Exercise instructions => All of the data below needs to be set down once more, exactly as written.

Supplied material =>
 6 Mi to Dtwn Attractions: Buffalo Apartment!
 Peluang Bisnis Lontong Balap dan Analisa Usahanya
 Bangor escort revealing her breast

Finished exercise =>
 6 Mi to Dtwn Attractions: Buffalo Apartment!
 Peluang Bisnis Lontong Balap dan Analisa Usahanya
 Bangor escort revealing her breast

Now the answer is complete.